5Key Takeaways — How the 3 Statements Feed a DCF

• The Income Statement provides EBIT, which we convert to NOPAT — the starting point for FCFF.

• The Cash Flow Statement converts NOPAT into cash via non-cash add-backs, ΔNWC, and then subtracts CapEx.

• The Balance Sheet drives ΔNWC, PP&E roll-forward, NOL usage, and the cash position that reconciles everything.

FCFF is always:EBIT × (1 − T) + D&A − CapEx − ΔNWC

• Debt and financing flows appear on the BS and CFS, but they donot affect FCFF because DCF valuation is performed on anunlevered basis.

Senior Analyst Insight

Most candidates can recite the FCFF formula, but very few can trace how a change in AR, CapEx, or D&A propagates through all three statements into free cash flow. That is the difference between “textbook DCF” and real modeling skill.

6Interview Prep: Statement Linkage & FCFF Questions

These questions are calibrated for summer analyst and first-year analyst interviews at top banks. If you can answer them clearly, you truly understand the link between the 3 statements and DCF.

1. Walk me from Revenue to FCFF in a DCF.

2. Why do we start from EBIT(1 − T) instead of net income?

3. How does an increase in AR affect FCFF?

4. How does an increase in AP affect FCFF?

5. How does higher CapEx affect FCFF and the Balance Sheet?

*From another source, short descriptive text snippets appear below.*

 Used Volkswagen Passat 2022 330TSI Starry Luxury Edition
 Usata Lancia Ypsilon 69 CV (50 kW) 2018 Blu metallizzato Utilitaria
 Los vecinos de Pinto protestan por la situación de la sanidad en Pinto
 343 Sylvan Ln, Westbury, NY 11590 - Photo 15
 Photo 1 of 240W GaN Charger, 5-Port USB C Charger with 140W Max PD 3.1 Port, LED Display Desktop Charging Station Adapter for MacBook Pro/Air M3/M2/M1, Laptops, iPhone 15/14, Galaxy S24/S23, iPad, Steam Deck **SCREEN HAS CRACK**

6. Why is depreciation added back in the CFS but still matters in the DCF?

7. How does a change in inventory impact FCFF?

8. Explain ΔNWC in your own words and how it affects cash.

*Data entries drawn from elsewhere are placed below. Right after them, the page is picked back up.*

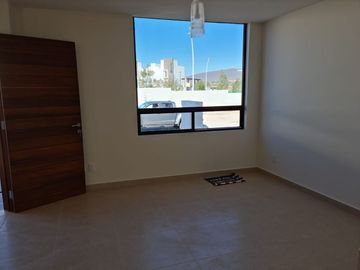 Linda Casa entre El Refugio y Zibata, 4ta Recamara en PB, de LUJO !!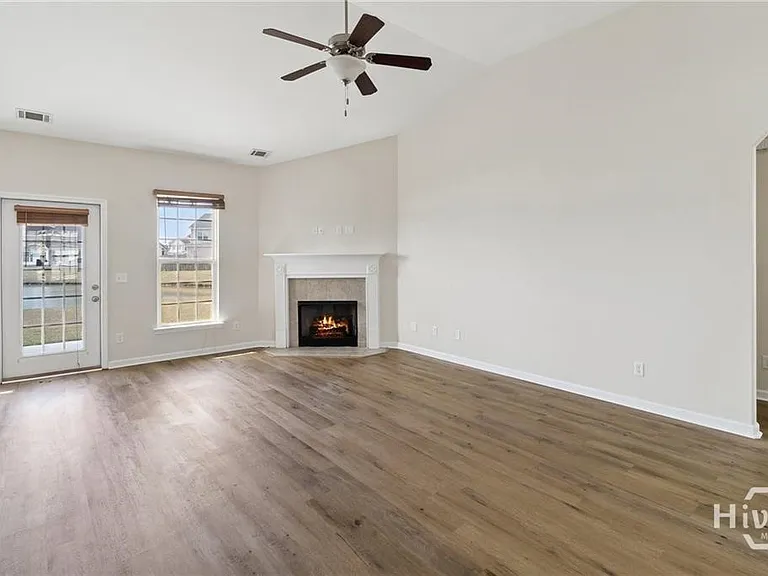 117 Greyfield Cir — Photo 4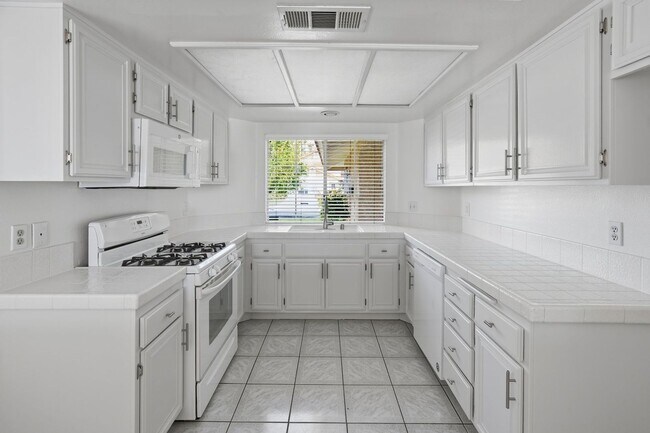 Building Photo - Sparkling Clean 3 Bedroom, 2 Bath Home with a View!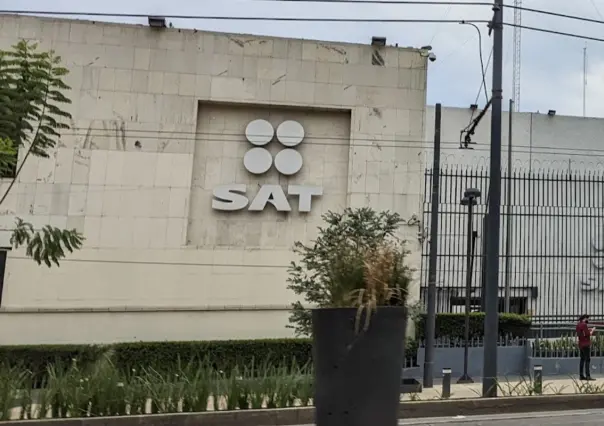 Dos altos ex funcionarios del SAT son vinculados a proceso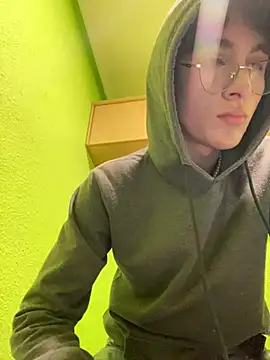 Snapshot of stormmart18 chatting on February 7, 2025, 8:20 pm stormmart18 online show from February 7, 2025, 8:20 pm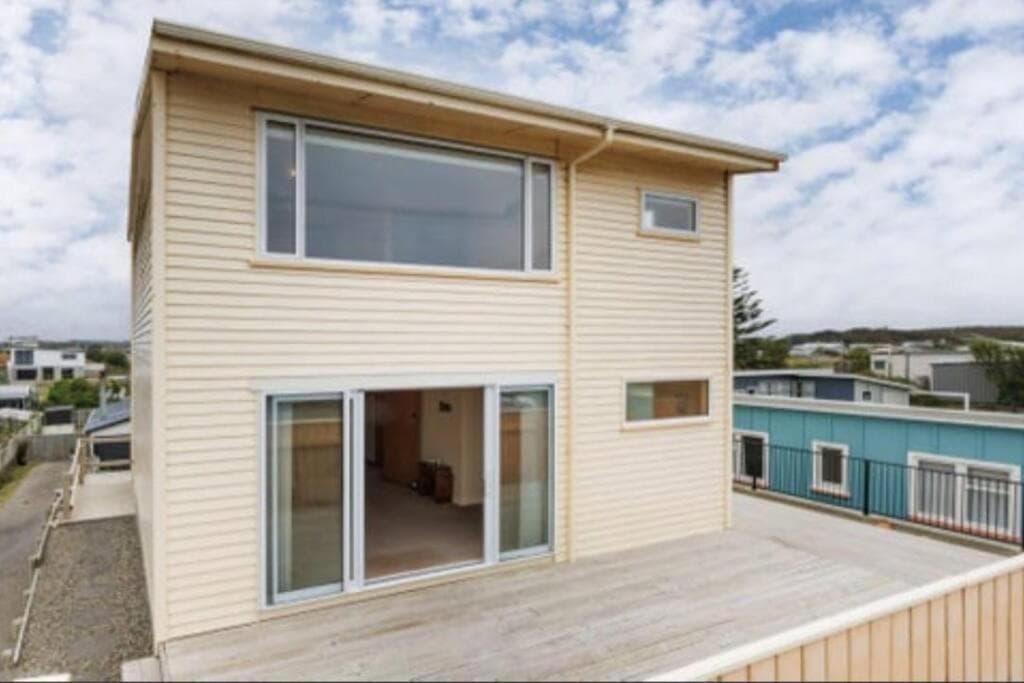 Foxton Beach Bach 5 Star Location 2 Min Walk To Beach New Furnishings BBQ photo 9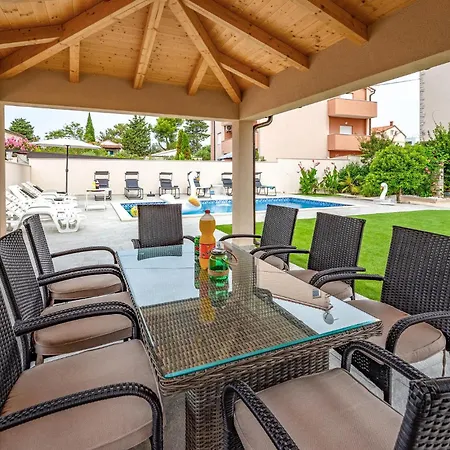 Apartment 2 Bedroom Cozy In *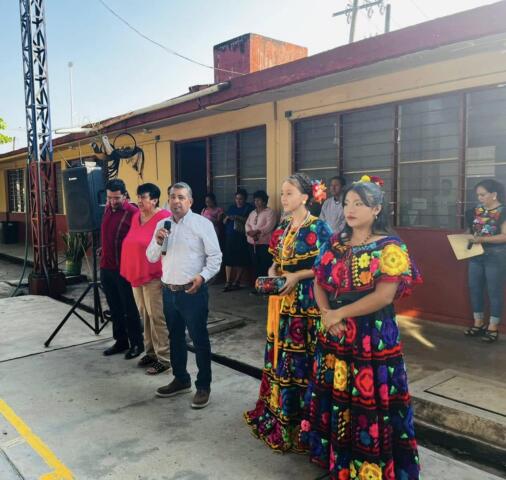 Javier Jiménez visita Huixtla para atender necesidades escolares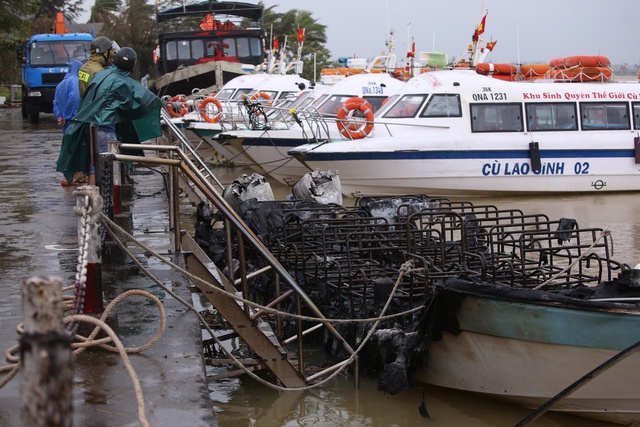 Nguyên nhân ban đầu vụ 8 ca nô, tàu du lịch bốc cháy ở bến Cửa Đại - Ảnh 8.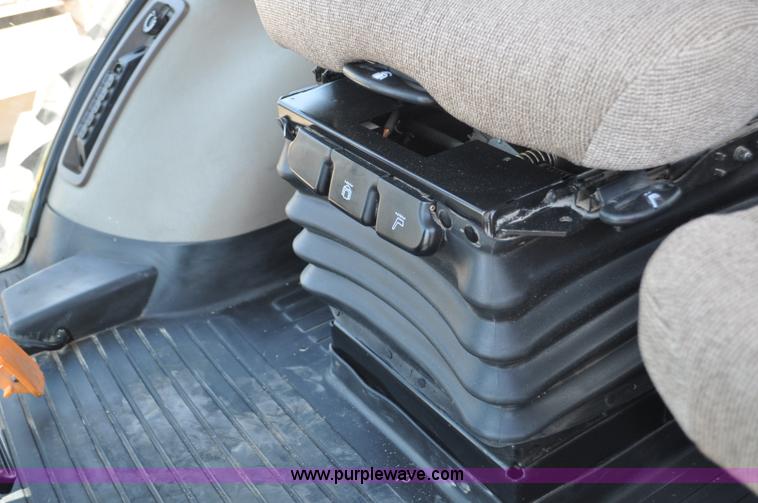 image for item G6122 2010 John Deere 8345R MFWD tractor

9. How do NOLs affect cash taxes and FCFF?

10. Why do we ignore interest expense when calculating FCFF?

11. What is the relationship between PP&E, CapEx, and depreciation?

12. What line items on the Balance Sheet most directly affect FCFF?

13. If revenue grows but working capital grows faster, what happens to FCFF?

14. How does a one-time gain on asset sale affect FCFF?

15. How would you check if a 3-statement model is correctly linked?

16. What’s the difference between FCFF and CFO?

17. In what situations might FCFF be negative even if the company is profitable?

18. Why is FCFF independent of capital structure?

19. How does deferred revenue affect cash flow and FCFF?

20. Explain in one sentence why FCFF is the “engine” of a DCF.